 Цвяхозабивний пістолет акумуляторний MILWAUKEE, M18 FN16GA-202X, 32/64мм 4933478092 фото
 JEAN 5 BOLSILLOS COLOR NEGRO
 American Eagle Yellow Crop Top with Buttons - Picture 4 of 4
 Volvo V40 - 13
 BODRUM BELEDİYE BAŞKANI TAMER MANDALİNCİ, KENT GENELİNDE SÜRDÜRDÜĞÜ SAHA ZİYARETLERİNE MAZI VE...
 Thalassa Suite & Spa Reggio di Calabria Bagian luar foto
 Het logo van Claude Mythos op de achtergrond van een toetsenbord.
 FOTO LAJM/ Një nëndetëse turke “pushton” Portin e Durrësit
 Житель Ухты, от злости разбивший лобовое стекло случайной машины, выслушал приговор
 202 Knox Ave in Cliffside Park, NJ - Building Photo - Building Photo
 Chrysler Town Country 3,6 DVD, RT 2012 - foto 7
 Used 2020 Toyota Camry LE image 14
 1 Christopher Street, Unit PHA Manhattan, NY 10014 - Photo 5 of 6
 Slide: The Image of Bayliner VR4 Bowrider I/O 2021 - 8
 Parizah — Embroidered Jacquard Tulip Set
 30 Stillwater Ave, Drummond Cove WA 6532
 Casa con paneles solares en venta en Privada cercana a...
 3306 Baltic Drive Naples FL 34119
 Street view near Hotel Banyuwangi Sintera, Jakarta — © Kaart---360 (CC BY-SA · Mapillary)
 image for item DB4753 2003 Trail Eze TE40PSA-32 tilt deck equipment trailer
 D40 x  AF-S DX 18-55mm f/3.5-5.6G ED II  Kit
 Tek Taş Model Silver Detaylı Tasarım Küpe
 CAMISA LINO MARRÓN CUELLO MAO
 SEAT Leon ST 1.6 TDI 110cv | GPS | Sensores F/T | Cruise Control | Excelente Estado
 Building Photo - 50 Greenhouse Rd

PROBLEM DESCRIPTION >>
The response must give every line from the material above that holds the string "Street".

RESPONSE TO THE TASK >>
 1 Christopher Street, Unit PHA Manhattan, NY 10014 - Photo 5 of 6
 Street view near Hotel Banyuwangi Sintera, Jakarta — © Kaart---360 (CC BY-SA · Mapillary)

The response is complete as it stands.